Unsurprisingly the taxi that was hired to pick us up was also a familiar face for Glen. However very surprisingly were the extremely good road conditions. The Chinese just finished a four lane highway straight into the city. Parts of the main road that leads through the center of town are 8 lines. Not very pedestrian friendly, but really nice when you just arrive and want to get to your hotel.
Staying in the fancy part of town (Gome) we had electricity, running water (even warm water!) and a AC unit (very handy at 30 degrees Celsius every day all year around – no 4 seasons at the equator : ) I was glad to arrive with the team, even if I was not really part of it. Arriving in a new country is always nerve-racking for me – every time. This was much easier as others have arranged places to stay… and a place to have food. Don’t be missed by the plastic chairs, the food is high class (even though the prices are not far behind either, with was a big surprise. Fufu (Cornpast), rice, plantains(cooked or fried bananas), fish, turtle (with its feet still showing!- Melaine’s choice of course), goat, manjok and spinach plants. We all had a local beer – Primus.
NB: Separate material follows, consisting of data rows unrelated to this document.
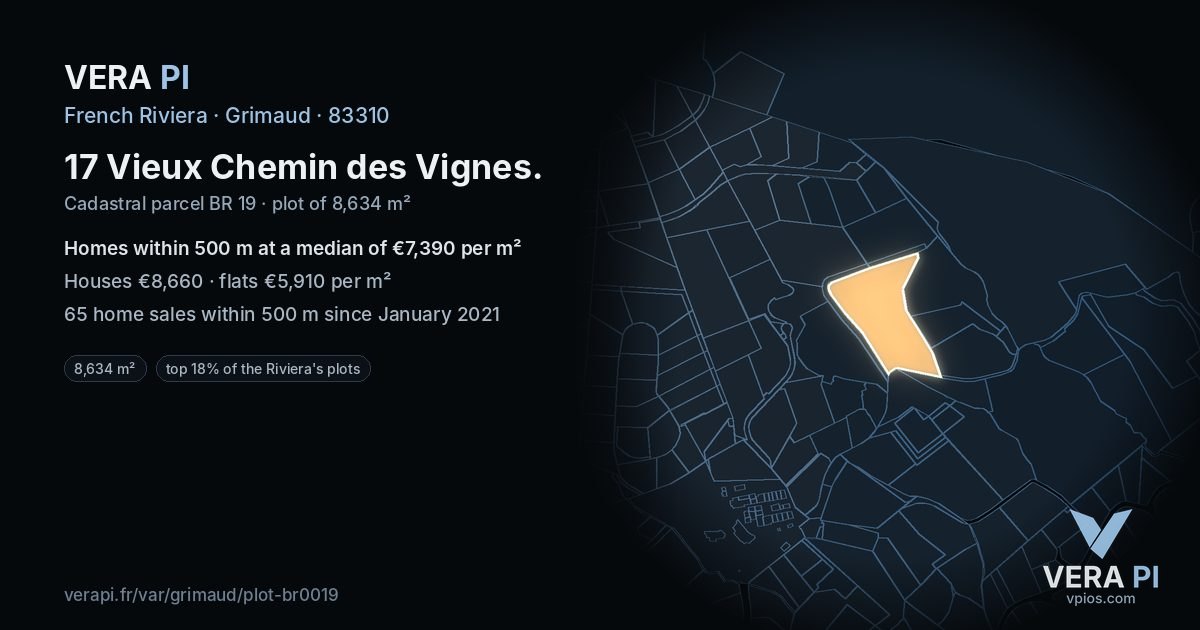 17 Vieux Chemin des Vignes, Grimaud at night – the plot lit, the parcels around coloured by the prices near them
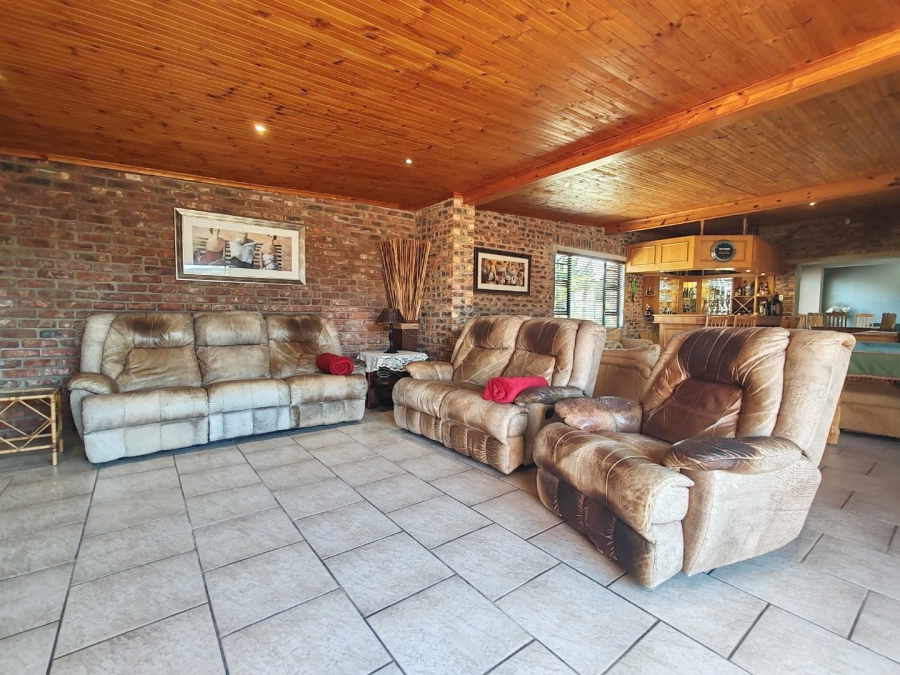 4 Bedroom Property for Sale in Newton Park Eastern Cape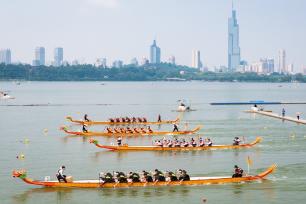 江苏南京：玄武湖上赛龙舟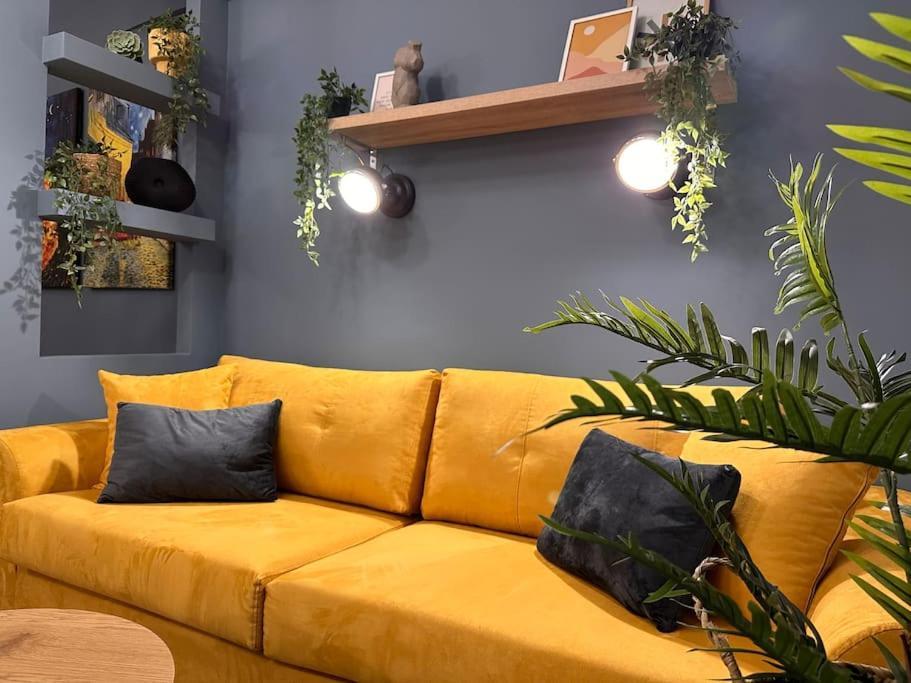The Yellowblue Apartment, Downtown Thessaloniki Exterior photo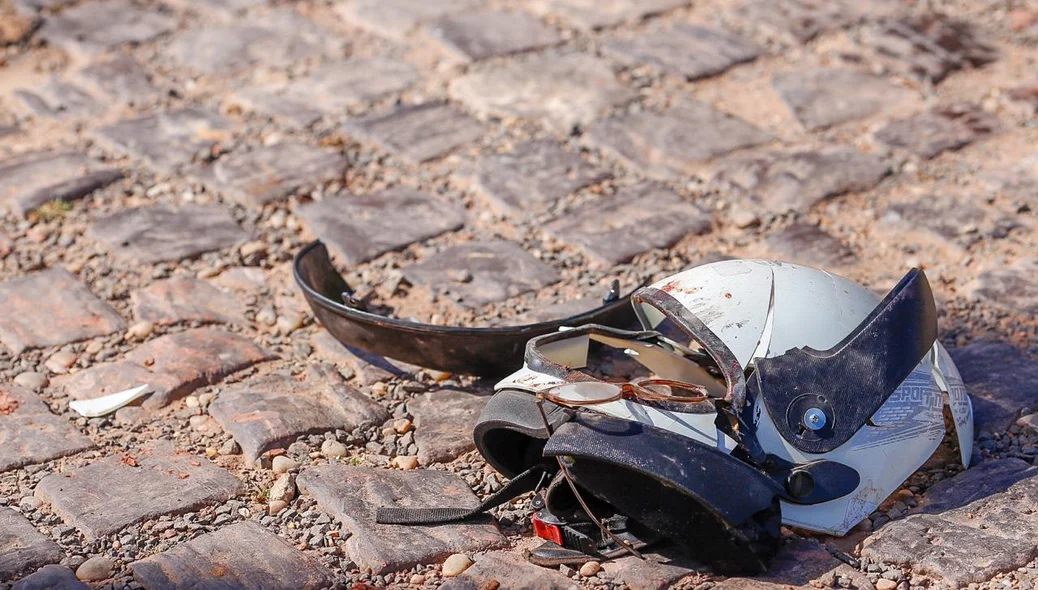 Capacete da vítima ficou completamente destruído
Average meal price this evening $20 per person.
No stop lights (or any other traffic regulation, besides a handful of guy in the middle of 8 lane intersections) and in general electricity supply is a problem – but you can see the stars much better, even in the capital that houses en estimated 10 million people. Of course it has an enormous amount of poverty and many do not know if they can have more than a black tea for breakfast tomorrow, but juxtapose to this army of the poor is a (filthy) rich elite, sporting their Jaguars (cars) and alligator shoes. The DR Congo is rich; very rich. Only that the wealth seems stuck with a few….
The next day the guys had to take care of business: bank and lawyer visits, and I was able to come along and see more of the city:
Kinshasa was once touted as Kin la Belle (beautiful Kinshasa), locals have long since redubbed their chaotic capital ‘Kin la Poubelle’(Kinshasa the trashcan). Sprawling seemingly forever from the banks of the Congo River, ‘Kin’ has the same maniacal drivers, dismaying poverty, mounds of trash, belching black tailpipes and persistent street hawkers that you’ve seen in many other African cities, but here it’s all bigger, faster and louder than you’ve probably experienced before.
The stores have everything your heart desires, pasta, juice, deodorant, electronics… but more expensive than in the west (a pack of noodles was $6). 90% of the food is imported, probably 100% of consumer goods. Manufacturing things themselves is not possible yet in this country overflowing with resources. Hopefully that will change …. Soon.
Only one day and two night before we headed what is supposed to be our new home: Mbandaka.